Records from a dataset
....................

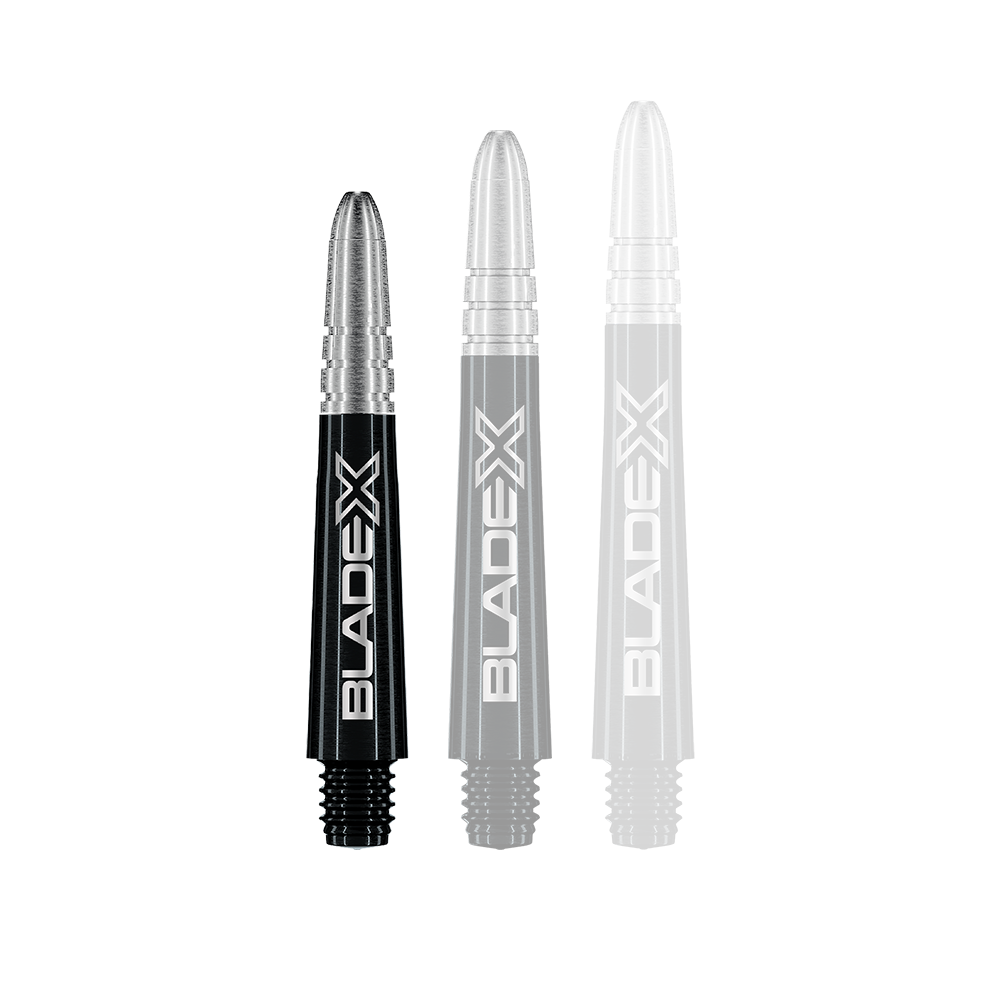 Winmau Vecta Blade X Shafts - Nero Bild von Winmau Vecta Blade X Shafts in Schwarz mit 34mm Länge. Die Dartschäfte sind schlank und modern gestaltet.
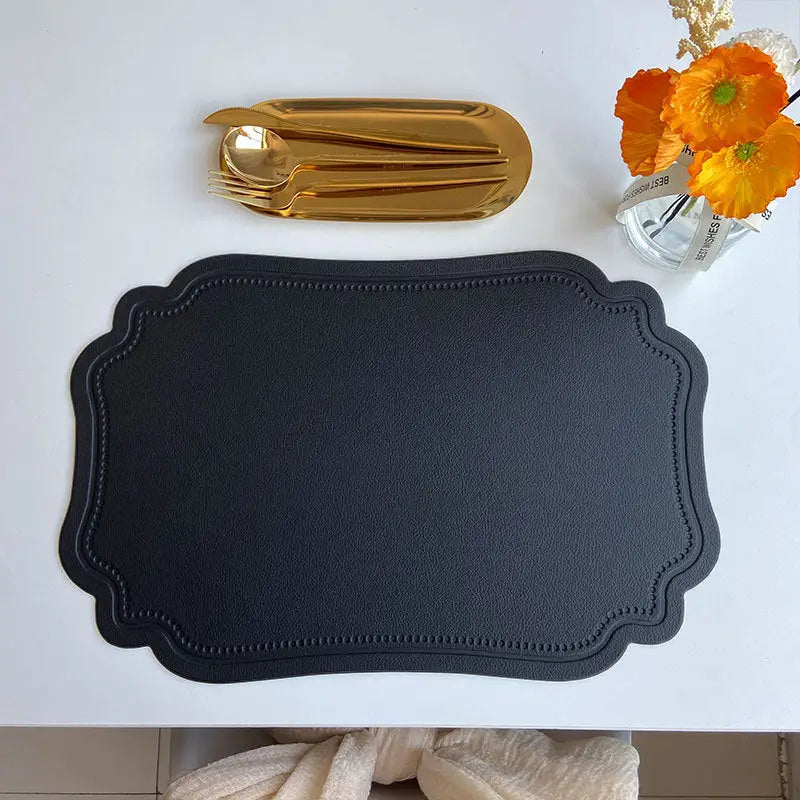 4 pcs Retro Faux Leather Placemat - Waterproof & Oil-Proof Dining Table Mat (Black) - Home & Garden > Kitchenware >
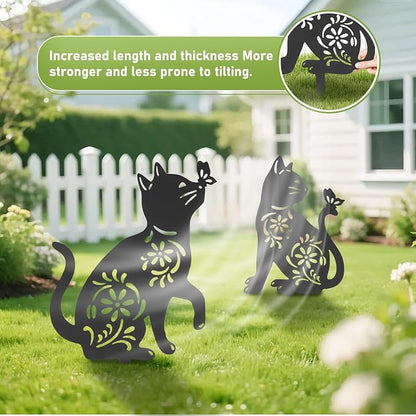 Cat Metal Decorative Garden Stakes, Rust Proof Cat Metal Black Silhouette Decor Garden Stakes for Yard Patio Lawn Decorations, Cats Outdoor Decor Gifts for Women/Men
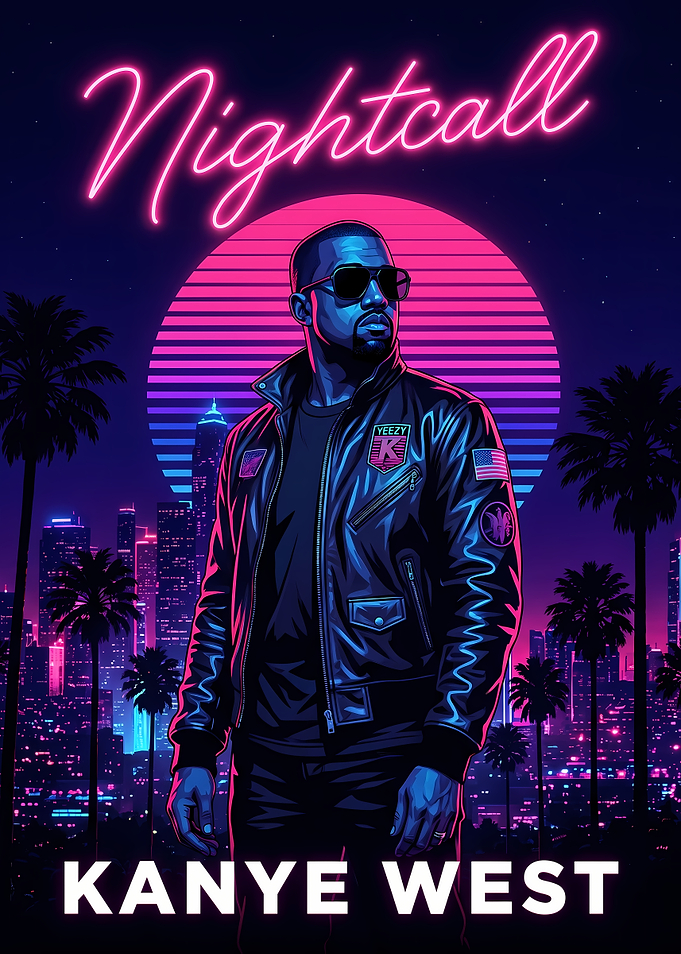 Kanye West Synthwave Nightcall Poster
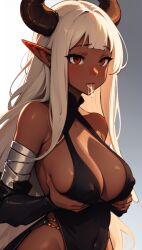 after_oral ai_generated black_clothing blonde_hair brown_eyes cum cum_drip dark-skinned_female dark_skin elf_ears female grabbing grabbing_breasts grabbing_own_breast horns large_breasts nipples_visible_through_clothing original original_character solo_female solo_focus stable_diffusion tongue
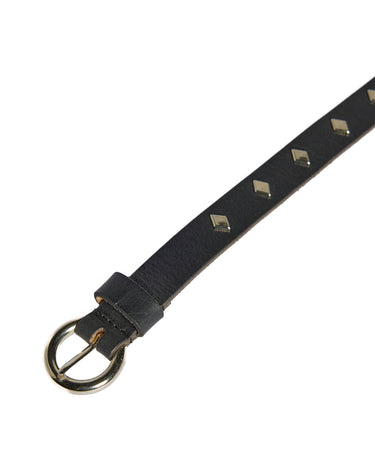 CINTURÓN PIEL TACHAS ROMBO NEGRO
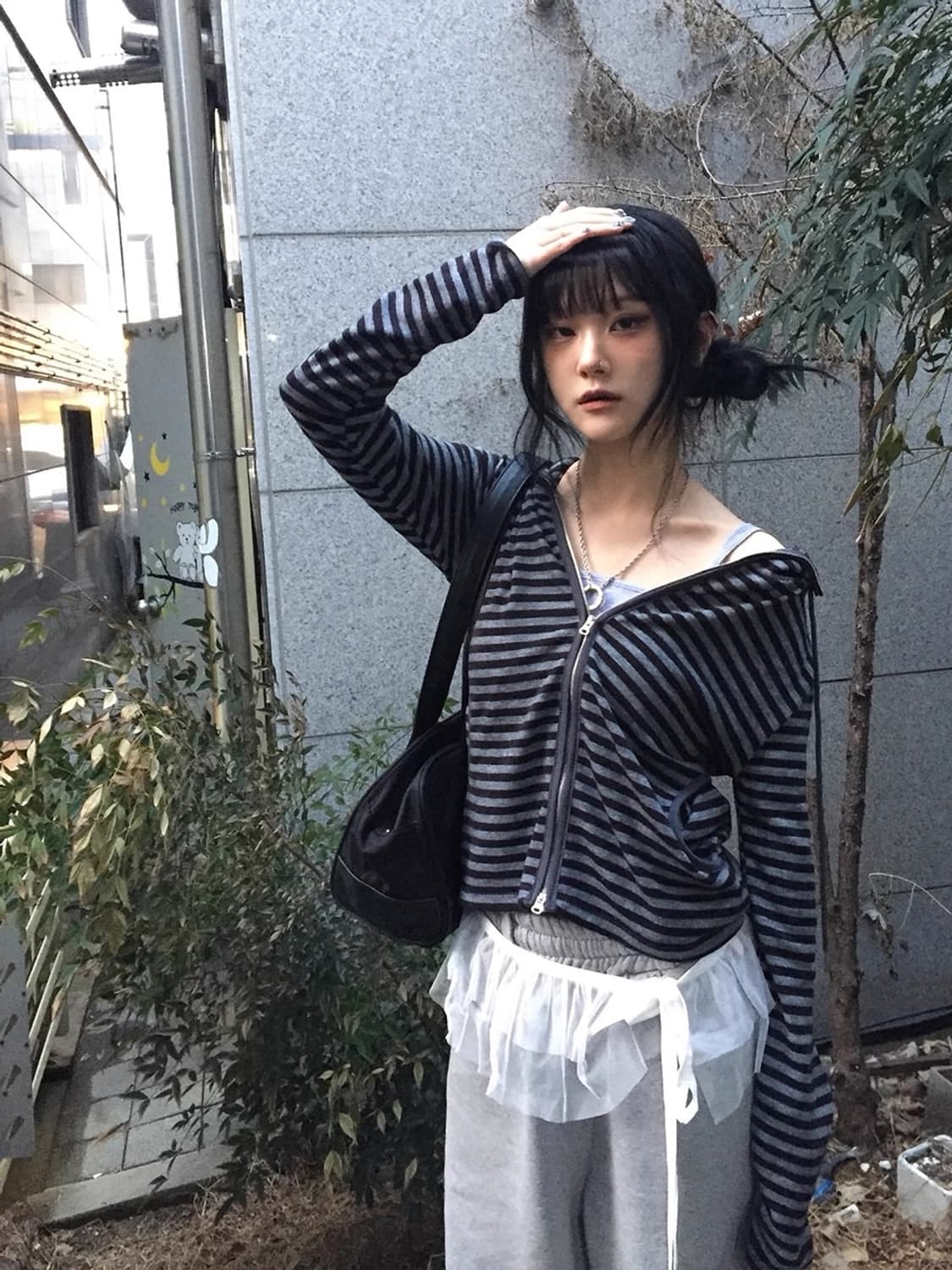 투웨이 스트라이프 후드 집업 상품이미지1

....................

§ **Task description**
Each line from the one with "Cat Metal Decorative" to the final line of the data above is to be printed exactly; no picture should appear in the copy.

§ **Written solution**
 Cat Metal Decorative Garden Stakes, Rust Proof Cat Metal Black Silhouette Decor Garden Stakes for Yard Patio Lawn Decorations, Cats Outdoor Decor Gifts for Women/Men
 Kanye West Synthwave Nightcall Poster
 after_oral ai_generated black_clothing blonde_hair brown_eyes cum cum_drip dark-skinned_female dark_skin elf_ears female grabbing grabbing_breasts grabbing_own_breast horns large_breasts nipples_visible_through_clothing original original_character solo_female solo_focus stable_diffusion tongue
 CINTURÓN PIEL TACHAS ROMBO NEGRO
 투웨이 스트라이프 후드 집업 상품이미지1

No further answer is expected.